7. Aider à franchir la barrière numérique
Des ateliers gratuits d’initiation pour les seniors et les publics éloignés, afin que la technologie rapproche au lieu d’isoler.
8. Faciliter la mobilité solidaire
Des transports à la demande pour permettre aux personnes isolées de rejoindre les marchés, les événements, les services publics, les lieux de vie.
9. Aménager la ville pour favoriser la rencontre
Plus de bancs, plus de places, plus de jardins. Des espaces publics pensés pour la conversation, pour le partage, pour le simple fait d’être ensemble.
10. Créer un budget participatif du lien social
Dédier une partie du budget municipal à des projets de quartier qui rassemblent : repas partagés, jardins collectifs, ateliers créatifs, fêtes de rue, initiatives solidaires.
Faire reculer la solitude, c’est faire revivre la République du quotidien
La solitude n’est pas seulement un problème social : c’est une question démocratique.

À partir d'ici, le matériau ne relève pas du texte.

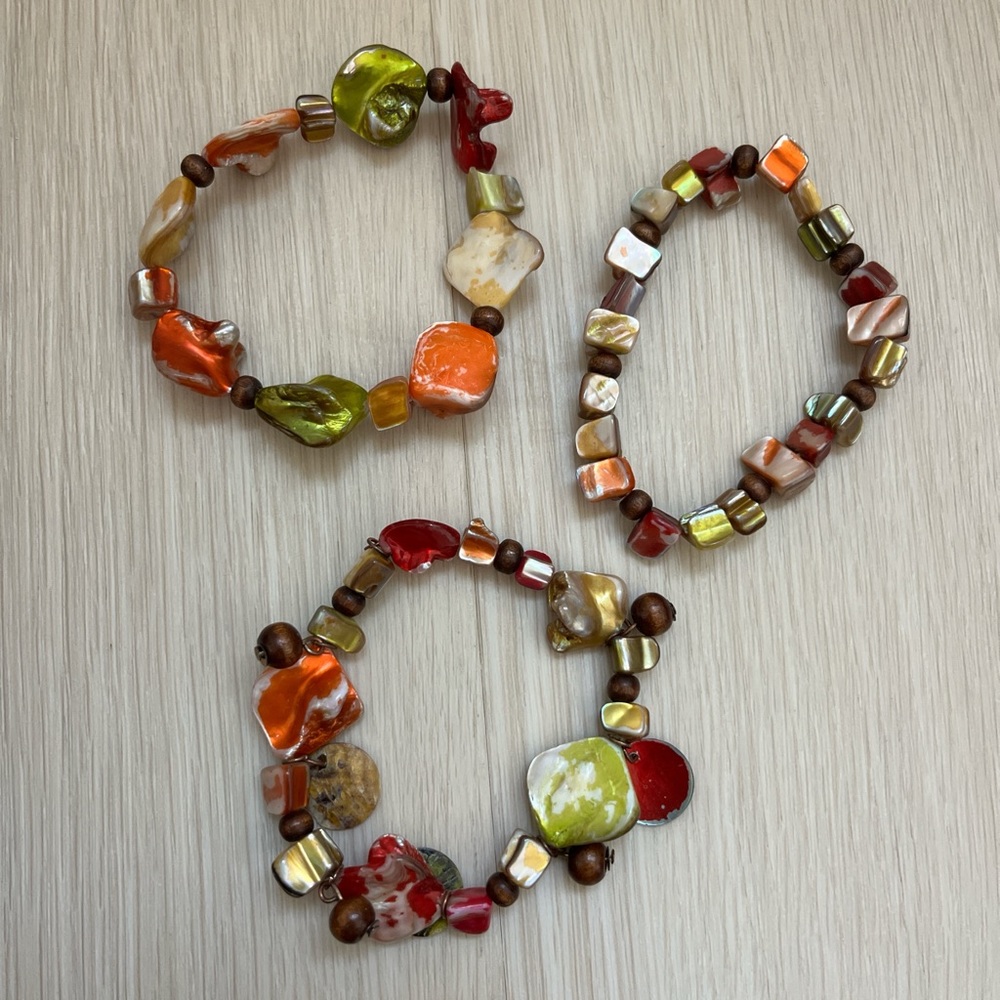 Funky shell bracelet set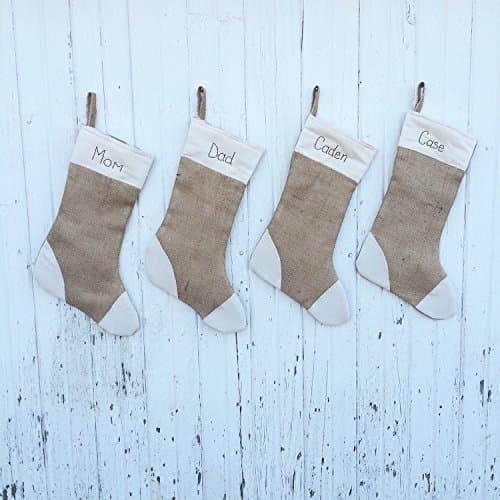 Personalized Burlap Christmas Stocking with Cotton Patches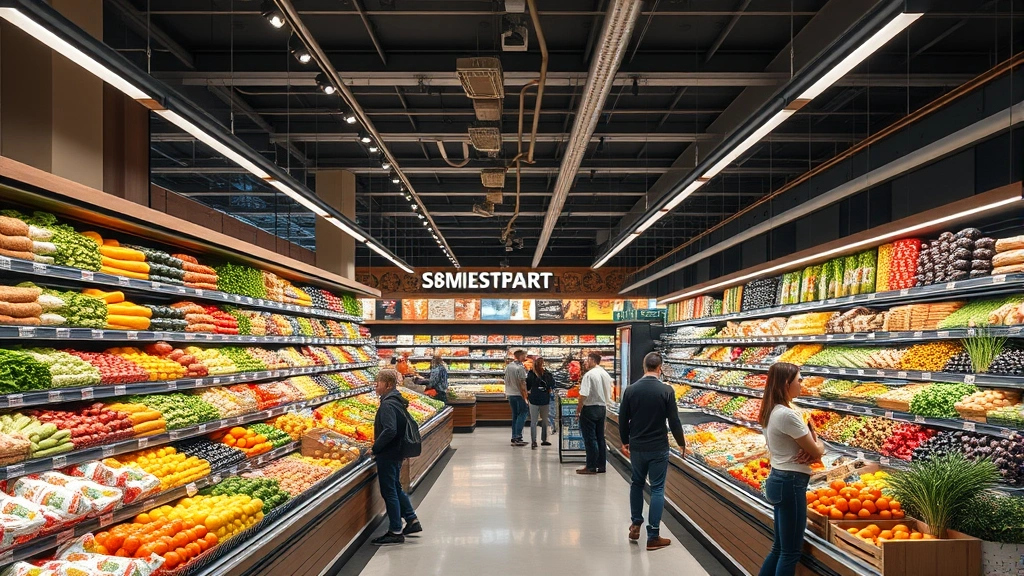 Upscale grocery store interior with fresh produce displays, organized shelving, professional lighting, customers shopping, bright and clean environment, modern retail design, premium market aesthetic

Une société qui laisse ses habitants s’isoler perd le sens même du collectif.
C'est pourquoi, à Toulouse, je proposerai qu'une délégation d'élu-e et un budget adapté soit consacré à cette question.
Recréer du lien, c’est restaurer la confiance, redonner du sens à la citoyenneté, replacer l’humain au cœur des politiques publiques.
C’est, au fond, choisir une autre vision de la ville : une ville vivante, ouverte, fraternelle.
Nous avons besoin de villes qui réparent, qui relient, qui écoutent.
De villes où personne ne se sente invisible.
Parce qu’une ville, ce n’est pas seulement un territoire.
C’est une communauté humaine.
Et cette communauté, c’est à nous de la reconstruire.